Calcified and hypointense on T2 meningiomas appear less likely to progress; elderly patients appear to have slower growth rates

Reasonable to consider observation for asymptomatic meningiomas, particularly in elderly patients or patients with skull-base (high operative risk) tumors. If so, MRI at 3 months, then 6 months later, then annually is considered reasonable

For younger patients and patients with non-calcified tumors, consider treatment due to higher expected growth rates

oooOooo


I have not been given a neurology appointment for 2 years now and the radiologist-oncologist does not think it necessary that I see a neurologist this time either. I am happy with that. She also suggests that they switch from annual check MRIs to 18-monthly ones .... not so happy with that but will go with her decision. 

However, I would like to know why Feckit (the one treated with radiation) appears to have reduced in size by 1mm while Fuss appears to have increased in size by a similar amount. So, as I am unlikely to speak to any specialist for a further 18 months, I have written asking whether the measurements given in the radiology reports are accurate or only approximations.
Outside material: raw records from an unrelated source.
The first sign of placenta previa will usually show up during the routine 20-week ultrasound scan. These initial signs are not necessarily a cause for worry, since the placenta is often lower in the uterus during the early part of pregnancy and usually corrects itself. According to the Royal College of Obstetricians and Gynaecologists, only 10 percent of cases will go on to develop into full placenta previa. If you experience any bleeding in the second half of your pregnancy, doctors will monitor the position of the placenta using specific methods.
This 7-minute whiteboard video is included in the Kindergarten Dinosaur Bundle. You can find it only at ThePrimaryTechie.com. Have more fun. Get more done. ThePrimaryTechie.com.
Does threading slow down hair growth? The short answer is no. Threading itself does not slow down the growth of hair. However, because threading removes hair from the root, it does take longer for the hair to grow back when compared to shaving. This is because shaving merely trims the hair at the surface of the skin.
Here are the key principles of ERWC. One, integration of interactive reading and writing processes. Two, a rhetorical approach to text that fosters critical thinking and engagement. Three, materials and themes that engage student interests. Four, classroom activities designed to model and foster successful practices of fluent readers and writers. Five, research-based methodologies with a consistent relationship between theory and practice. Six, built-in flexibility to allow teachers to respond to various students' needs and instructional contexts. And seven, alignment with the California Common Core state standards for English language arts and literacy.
This may well be considered an imposition but I think it is entirely reasonable to ask for an explanation of the apparent changes in size of both tumours (especially as both are described in the report as 'unaltered'). Hopefully I will receive an answer before too long.

It is unlikely that many specialists have any concept of what it is like to walk around with a couple of tumours inside your head which may or may not be affecting your brain's functioning both now and in the long term! 
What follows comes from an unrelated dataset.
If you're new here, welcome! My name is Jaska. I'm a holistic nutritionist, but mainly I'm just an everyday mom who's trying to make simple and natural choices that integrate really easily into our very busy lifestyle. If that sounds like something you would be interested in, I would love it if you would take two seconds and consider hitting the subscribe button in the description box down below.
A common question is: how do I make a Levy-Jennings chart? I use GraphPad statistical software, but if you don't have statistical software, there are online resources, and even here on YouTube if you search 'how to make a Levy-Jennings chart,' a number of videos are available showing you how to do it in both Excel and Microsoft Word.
Of course I am very grateful that Feckit has been treated (apparently successfully thus far) and hope that he/it will shrink over time, but I am concerned that Fuss may be actively growing and need an answer if I am to "make it on my own" ........  as apparently I must.



Tuesday, 8 January 2013

Farewell to 2012 ...... a year in pictures!



JANUARY

We went for a weeks trip to Melbourne to visit with our son who was on holiday there. We had not seen each other for over 10 years!


And I also had the pleasure of meeting up with some distant Aussie relations tracked down via my ongoing interest in family genealogy.



FEBRUARY

Our French friends At last came over to New Zealand for a holiday and visited with us. It was wonderful to find that nothing had changed between us .... the years apart just rolled away!



MARCH

Once again I enjoyed entering a St Patrick's Day Bowls Tournament!


Our Golden Wedding Anniversary .... its hard to imagine even now that we have been married over 50 years!  Of course, we had a lovely celebration with NZ family and close friends!





APRIL

The end of quite a successful bowling season!



JUNE 

The arrival in UK of a lovely grandson! 


JULY/AUGUST

I took a trip to the UK (on my own!) to visit our youngest daughter and her new baby boy. It was wonderful to see her after so long!




And to see our eldest daughter and grand-daughter again!







And catch up with most of my mad rellies!




AND have lots of cuddles with the baby!!




OCTOBER

We had to say goodbye to dear old Ollie ..... 16 years young. What a treasure and joy he was.



DECEMBER

BIG family Christmas holiday with our middle (NZ) and youngest (UK) daughters, their husbands and lovely children!


















So another year over and a new one has begun ................ !!!